La France, par sa poisition , sa taille(ni trop grande, ni trop petite), la qualité de ses ingénieurs, doit se réformer,assainir ses comptes changer sa manière de penser, s'adapter au monde (tel qu'il est) et partir à la reconquête(économique) du monde. Je crois que c'est possible mais que ça prendra du temps. Mais le pays le veut-il?
anonyme972

Vive la République ! a dit…

Je ne pense pas que le nouvel ensemble ait besoin d'UNE capitale. On pourrait très bien envisager de mettre le gouvernement à Paris et l'Assemblée à Berlin. Si toutefois ce besoin d'unité devaitse faire sentir, Strasbourg ou Aix-la-Chapelle serait évidemment bien placées, de part leur positionnement géorgraphique.

En ce qui concerne les langues, je pense que la majorité des franco-allemands devront parler Français, Allemand ... et Anglais. Vous dîtes que les deux premières ne sont pas les plus parlées et j'avoue ne pas trop voir le rapport. Faut-il renoncer à nos langues (et ainsi à nos cultures) parce qu'elles seraient minoritaires dans le monde ou au contraire les fortifier en augmentant le nombre de personnes qui les pratique. Le Français et l'Allemand sont deux langues magnifiques qui ont joué un rôle très important dans l'histoire de la littérature et des idées, elles ne doivent pas tomber en désuétude à cause d'une vision doctrinale de la mondialisation. A c esujet, je m'inquiète que la plupart des nouveaux mots (pour la plupart techniques) soient identiques dans toutes les langues, le monde ne gagne rien à une convergence de toutes les cultures.

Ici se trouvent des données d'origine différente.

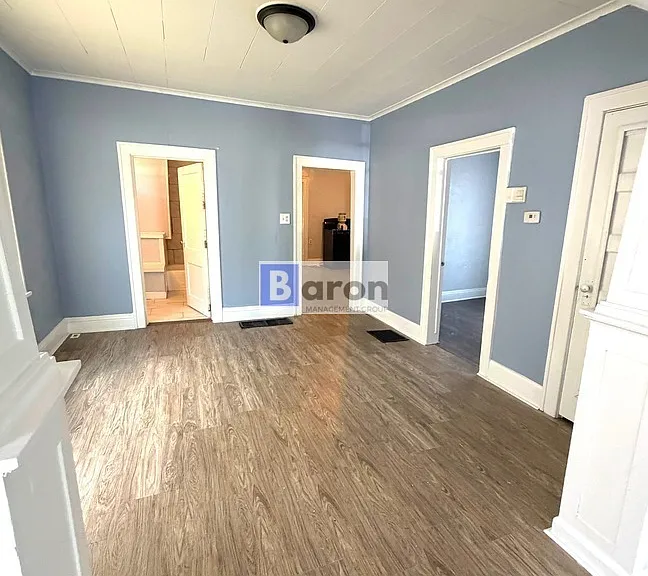 2408 Kenwood Ave — Photo 3
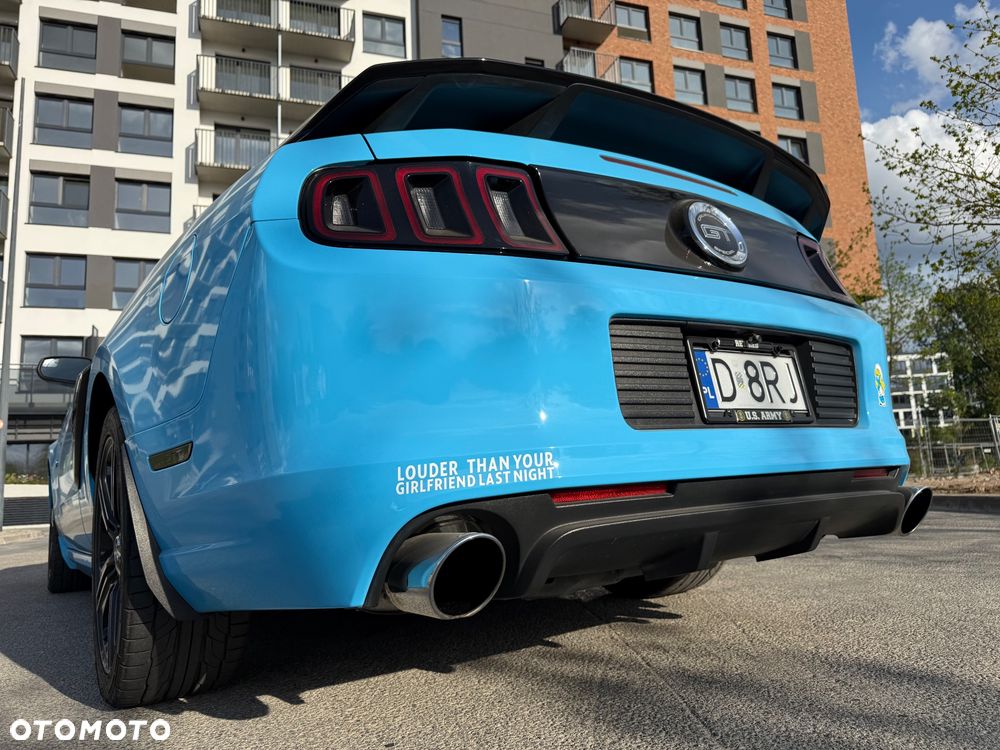 Ford Mustang 5.0 V8 GT - 10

En ce qui concerne la fusion entre égaux je crois que vous vous méprenez. La manière dont les Français dépeigne la situation de leur pays par rapport à ses voisins doit être la même outre-Rhin à ceci près que les rôles sont inversés. La France ET l'Allemagne connaissent des difficultés importantes, en particulier le chômage, actuellement, ils ont des taux de croissance comparables (2,3% cette année), on ne peut donc pas dire que la France a tout à gagner et l'Allemagne tout à perdre. La seule véritable asymétrie vient de la démographie, mais cela risque de se résorber dans les années à venir puisque la France va gagner des habitants et l'Allemagne va en perdre.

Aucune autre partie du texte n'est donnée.